Crown’s key issues being examined by the royal commission

By Charlotte Lee Updated
New Victorian tax calculation could hurt Crown’s pokies dollars

Crown’s key issues are being examined by Victorian royal commissioner Ray Finkelstein who has made it clear how concerned he is about the way Melbourne’s only casino is run.

The Sydney Morning Herald reports that over eight weeks of public hearings, the highly regarded Queen’s Counsel and former Federal Court judge had found “misconduct or unacceptable behaviour from people high up and low down and in between” at the casino operator.

“Wherever I look, I see not just bad conduct, but illegal conduct, improper conduct, unacceptable conduct, and it permeates the whole organisation,” he said.

The James Packer-backed group has already been ruled unfit to hold a casino licence once this year.

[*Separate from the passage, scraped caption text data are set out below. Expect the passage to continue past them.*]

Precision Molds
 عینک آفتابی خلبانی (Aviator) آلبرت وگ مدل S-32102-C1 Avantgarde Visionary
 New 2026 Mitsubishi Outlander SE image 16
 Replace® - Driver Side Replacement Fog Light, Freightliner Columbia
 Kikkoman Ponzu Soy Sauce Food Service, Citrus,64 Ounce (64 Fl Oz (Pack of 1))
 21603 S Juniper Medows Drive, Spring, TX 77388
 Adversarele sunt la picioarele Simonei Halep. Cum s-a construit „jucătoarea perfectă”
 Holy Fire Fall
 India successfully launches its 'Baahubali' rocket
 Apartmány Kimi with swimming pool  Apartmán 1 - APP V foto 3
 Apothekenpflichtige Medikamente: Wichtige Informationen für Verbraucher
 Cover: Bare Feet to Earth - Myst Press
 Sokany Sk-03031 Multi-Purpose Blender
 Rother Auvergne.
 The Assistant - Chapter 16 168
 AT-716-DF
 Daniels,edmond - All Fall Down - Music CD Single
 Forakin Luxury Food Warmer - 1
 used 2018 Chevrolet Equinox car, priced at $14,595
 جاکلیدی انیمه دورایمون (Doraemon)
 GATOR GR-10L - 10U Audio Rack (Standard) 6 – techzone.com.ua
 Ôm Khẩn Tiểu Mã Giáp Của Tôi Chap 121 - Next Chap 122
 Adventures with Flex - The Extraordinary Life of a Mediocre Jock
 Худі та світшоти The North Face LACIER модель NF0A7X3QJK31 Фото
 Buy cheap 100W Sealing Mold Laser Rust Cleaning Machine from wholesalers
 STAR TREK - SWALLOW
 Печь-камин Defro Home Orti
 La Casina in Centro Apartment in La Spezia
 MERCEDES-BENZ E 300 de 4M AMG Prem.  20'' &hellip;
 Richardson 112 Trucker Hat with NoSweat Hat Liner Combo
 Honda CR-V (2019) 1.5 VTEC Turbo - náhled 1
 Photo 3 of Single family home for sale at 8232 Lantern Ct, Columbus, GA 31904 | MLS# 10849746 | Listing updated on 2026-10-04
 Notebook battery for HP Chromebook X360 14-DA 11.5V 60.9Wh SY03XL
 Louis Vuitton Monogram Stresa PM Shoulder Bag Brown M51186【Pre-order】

In January, Patricia Bergin delivered the damning findings of her long-running inquiry into Crown’s new and now mothballed casino at Sydney’s Barangaroo, triggered by a series of investigative reports.

Finkelstein will consider Bergin’s findings, that Crown enabled money laundering and went into business with figures linked to organised crime, when he makes his own judgement on Crown’s Melbourne licence, due by October 15.

Finkelstein has a history of holding corporates to account

The $8 billion group’s executive chairman Helen Coonan said that her “reform” program to fix the company in the wake of Bergin’s eviscerating report was on track to be completed by the same month.

But Finkelstein has uncovered a new cupboard full of skeletons that bring Crown’s suitability into doubt – so many in fact, that he had to request 11 more weeks and a doubling of the inquiry’s budget, to $19.5 million, to examine them all.

Finkelstein has a well known intolerance for corporate wrongdoing: from the bench he famously banned disgraced businessman Steve Vizard from company directorship for a decade, double what the corporate cop asked for.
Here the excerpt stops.